▸ **WHAT NEEDS TO BE DONE**
Leave the images out. Give every line below again, precisely.

▸ **DATA FOR PROCESSING**
=====
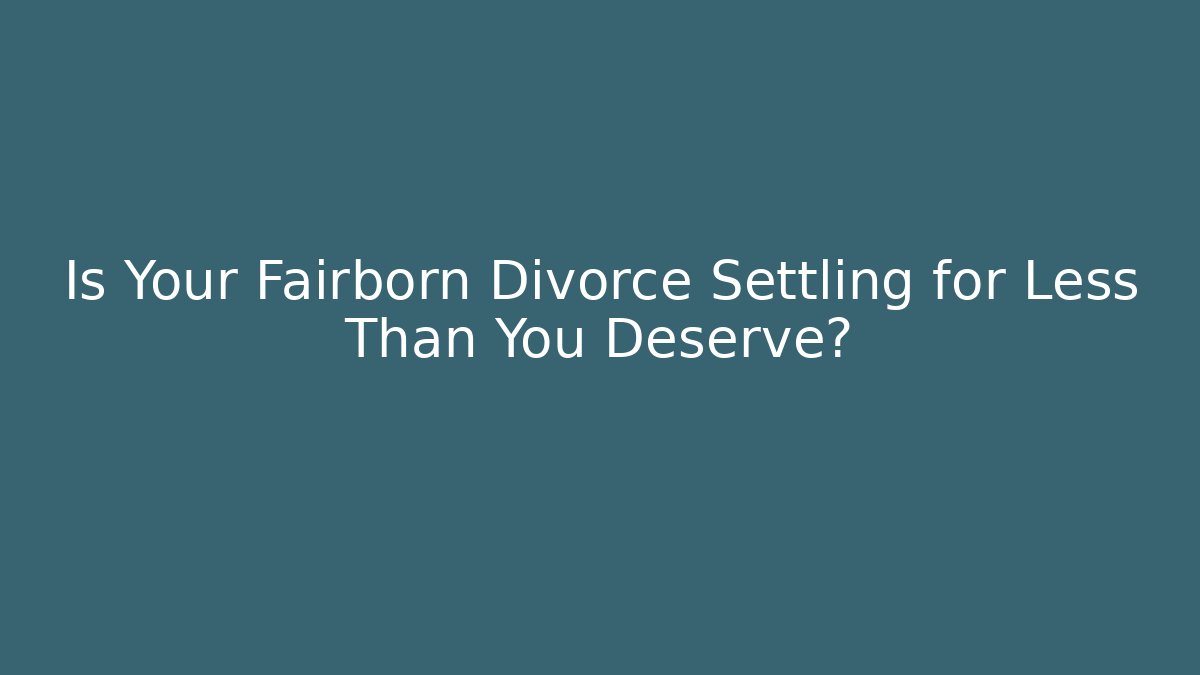 Is Your Fairborn Divorce Settling for Less Than You Deserve?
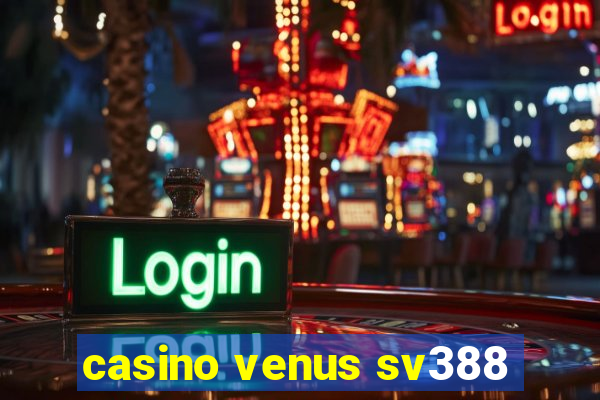 casino venus sv388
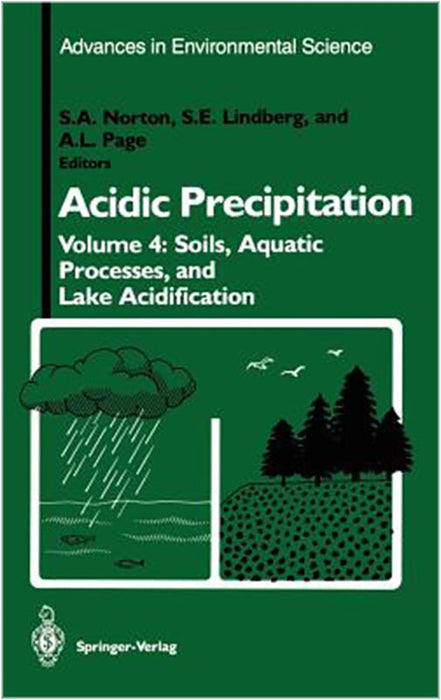 Acidic Precipitation: Soils Aquatic Processes and Lake Acidification (Vol. 4)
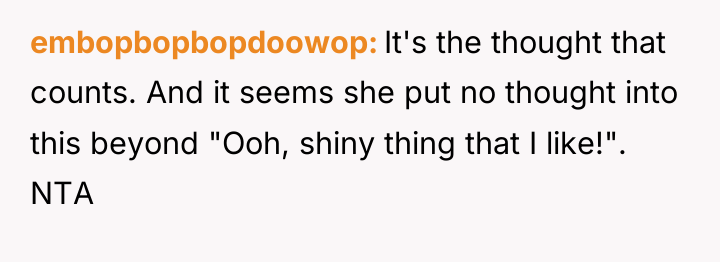 embopbopbopdoowop It's the thought that counts. And it seems she...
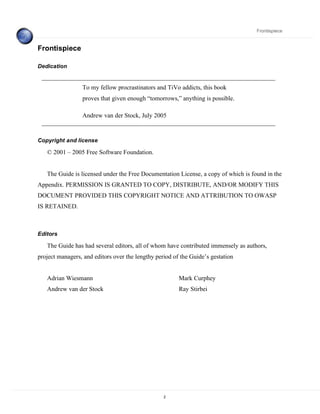Frontispiece


Frontispiece

Dedication


                 To my fellow procrastinators and TiVo addicts, this book
                 proves that given enough “tomorrows,” anything is possible.

                 Andrew van der Stock, July 2005


Copyright and license

   © 2001 – 2005 Free Software Foundation.


   The Guide is licensed under the Free Documentation License, a copy of which is found in the
Appendix. PERMISSION IS GRANTED TO COPY, DISTRIBUTE, AND/OR MODIFY THIS
DOCUMENT PROVIDED THIS COPYRIGHT NOTICE AND ATTRIBUTION TO OWASP
IS RETAINED.



Editors

   The Guide has had several editors, all of whom have contributed immensely as authors,
project managers, and editors over the lengthy period of the Guide’s gestation


   Adrian Wiesmann                                      Mark Curphey
   Andrew van der Stock                                 Ray Stirbei




                                                  2
 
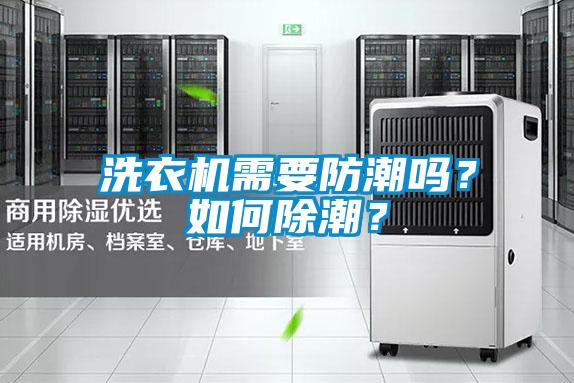 洗衣機需要防潮嗎?如何除潮?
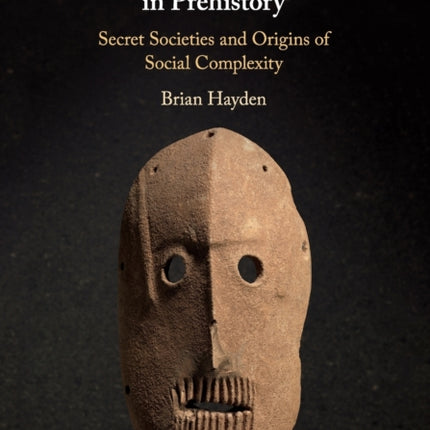 The Power of Ritual in Prehistory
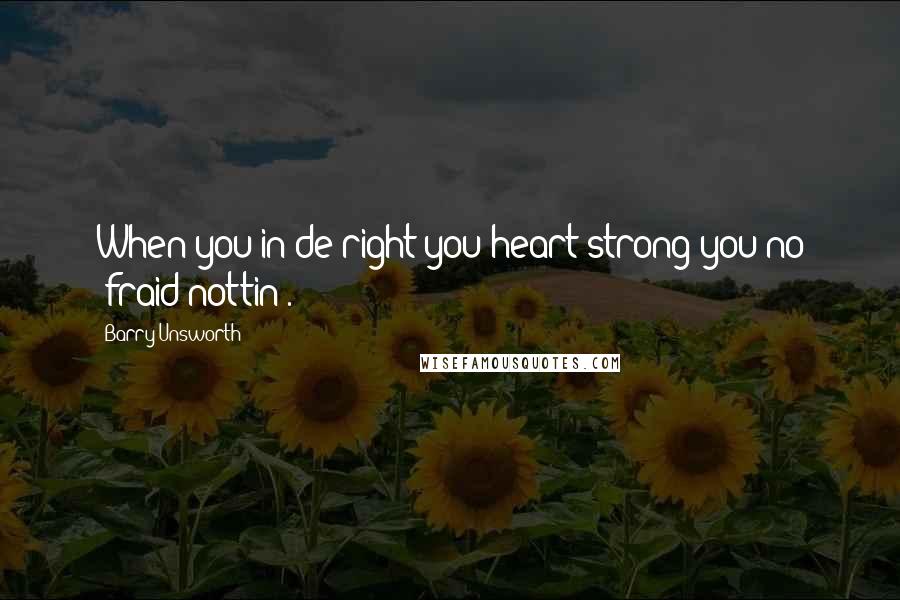 Barry Unsworth Quotes: When you in de right you heart strong you no 'fraid nottin'.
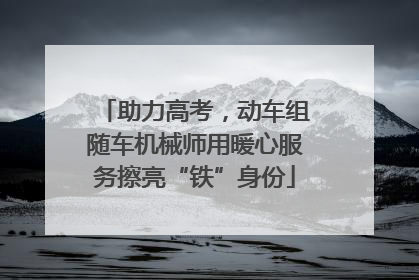 助力高考，动车组随车机械师用暖心服务擦亮“铁”身份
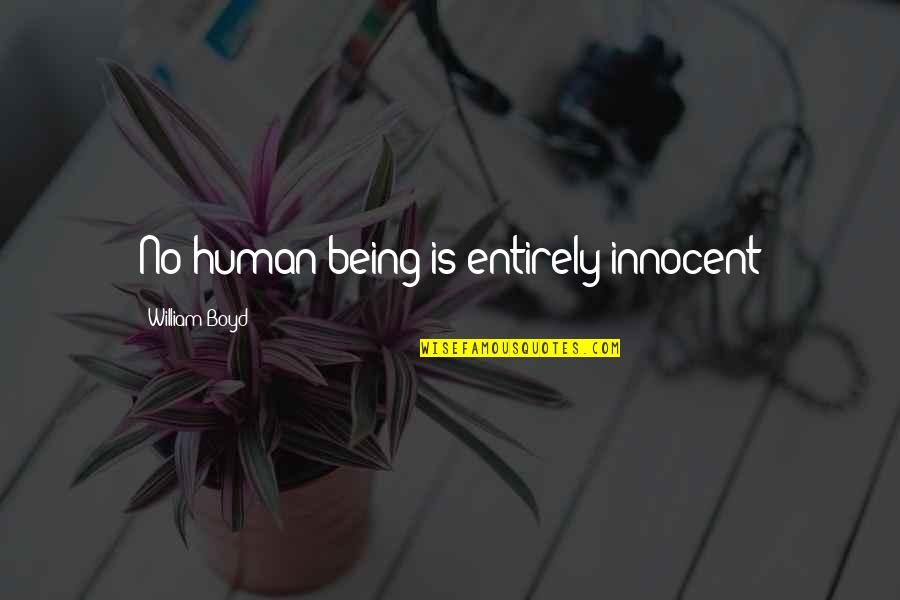 Sureness Antonym Quotes By William Boyd: No human being is entirely innocent Sureness Antonym Quotes By William Boyd: No human being is entirely innocent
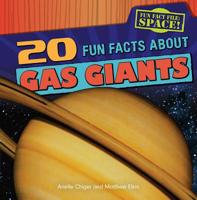 20 Fun Facts about Gas Giants 148241001X Book Cover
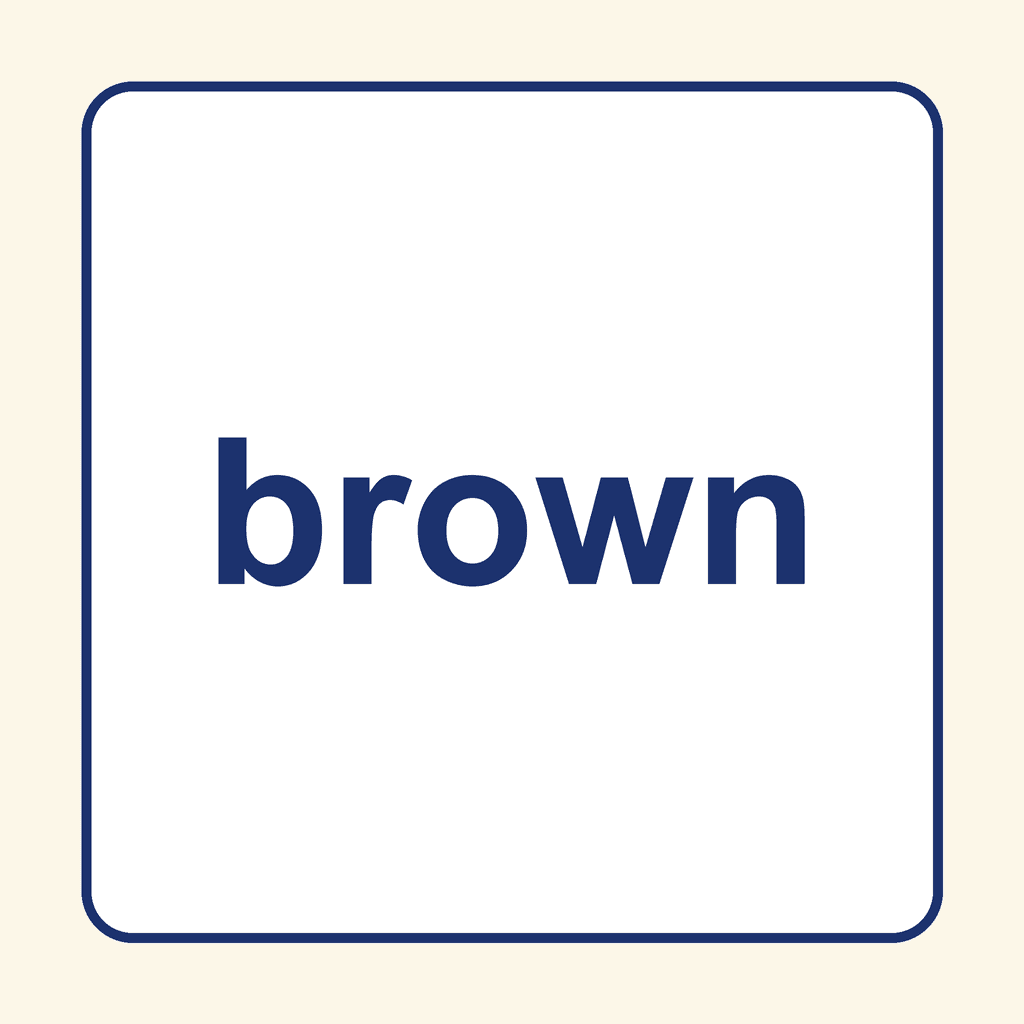 Sight Word — brown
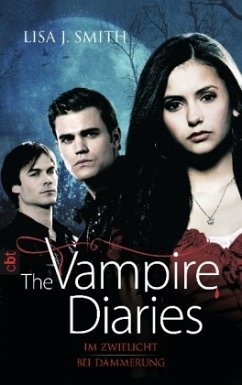 Im Zwielicht & Bei Dämmerung / The Vampire Diaries Bd.1-2 - Smith, Lisa J.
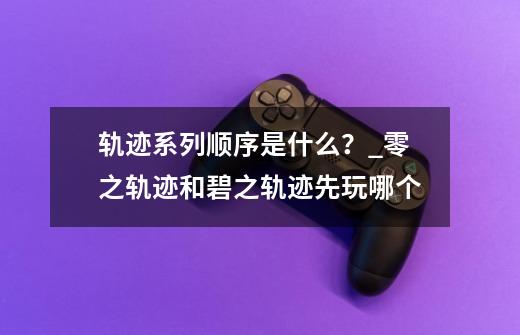 轨迹系列顺序是什么？_零之轨迹和碧之轨迹先玩哪个-第1张-游戏信息-四季网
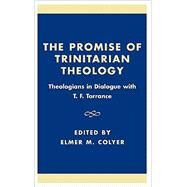 The Promise of Trinitarian Theology Theologians in Dialogue with T. F. Torrance by Colyer, Elmer M., 9780742512931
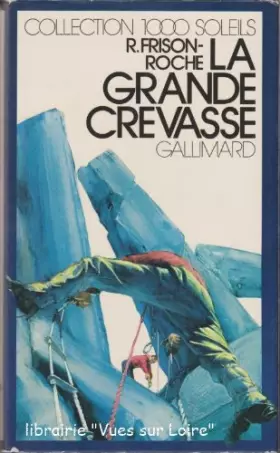 Couverture du produit · LA GRANDE CREVASSE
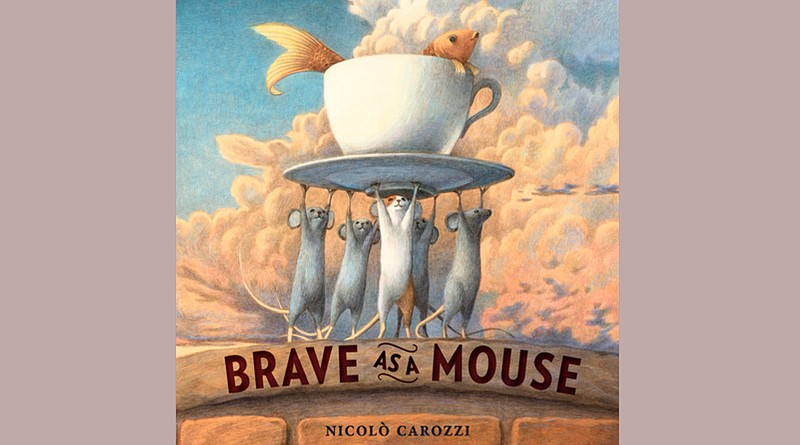 "Brave as a Mouse" by Nicolo Carozzi (Random House Studio, March 25, 2021), ages 3-7, 40 pages, $17.99. 
(Random House Studio)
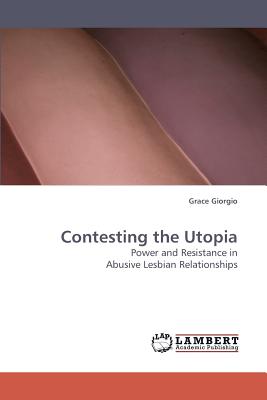 Contesting the Utopia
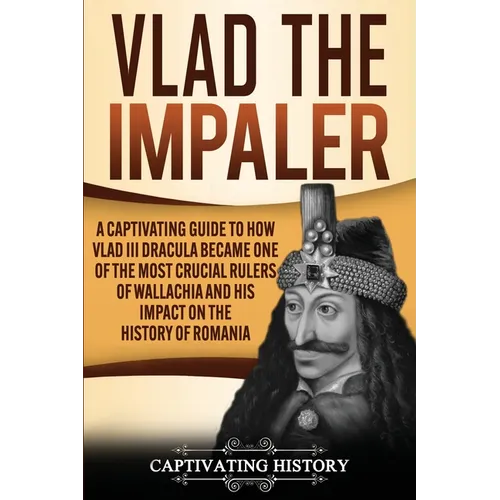 Vlad the Impaler: A Captivating Guide to How Vlad III Dracula Became One of the Most Crucial Rulers of Wallachia and His Impact on the History of Roma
=====
▸ **EXERCISE ANSWER**
 Is Your Fairborn Divorce Settling for Less Than You Deserve?
 casino venus sv388
 Acidic Precipitation: Soils Aquatic Processes and Lake Acidification (Vol. 4)
 embopbopbopdoowop It's the thought that counts. And it seems she...
Frontispiece


Frontispiece

Dedication


                 To my fellow procrastinators and TiVo addicts, this book
                 proves that given enough “tomorrows,” anything is possible.

                 Andrew van der Stock, July 2005


Copyright and license

   © 2001 – 2005 Free Software Foundation.


   The Guide is licensed under the Free Documentation License, a copy of which is found in the
Appendix. PERMISSION IS GRANTED TO COPY, DISTRIBUTE, AND/OR MODIFY THIS
DOCUMENT PROVIDED THIS COPYRIGHT NOTICE AND ATTRIBUTION TO OWASP
IS RETAINED.



Editors

   The Guide has had several editors, all of whom have contributed immensely as authors,
project managers, and editors over the lengthy period of the Guide’s gestation


   Adrian Wiesmann                                      Mark Curphey
   Andrew van der Stock                                 Ray Stirbei




                                                  2
 
 洗衣機需要防潮嗎?如何除潮?
 The Power of Ritual in Prehistory
 Barry Unsworth Quotes: When you in de right you heart strong you no 'fraid nottin'.
 助力高考，动车组随车机械师用暖心服务擦亮“铁”身份
 Sureness Antonym Quotes By William Boyd: No human being is entirely innocent Sureness Antonym Quotes By William Boyd: No human being is entirely innocent
 20 Fun Facts about Gas Giants 148241001X Book Cover
 Sight Word — brown
 Im Zwielicht & Bei Dämmerung / The Vampire Diaries Bd.1-2 - Smith, Lisa J.
 轨迹系列顺序是什么？_零之轨迹和碧之轨迹先玩哪个-第1张-游戏信息-四季网
 The Promise of Trinitarian Theology Theologians in Dialogue with T. F. Torrance by Colyer, Elmer M., 9780742512931
 Couverture du produit · LA GRANDE CREVASSE
 "Brave as a Mouse" by Nicolo Carozzi (Random House Studio, March 25, 2021), ages 3-7, 40 pages, $17.99. 
(Random House Studio)
 Contesting the Utopia
 Vlad the Impaler: A Captivating Guide to How Vlad III Dracula Became One of the Most Crucial Rulers of Wallachia and His Impact on the History of Roma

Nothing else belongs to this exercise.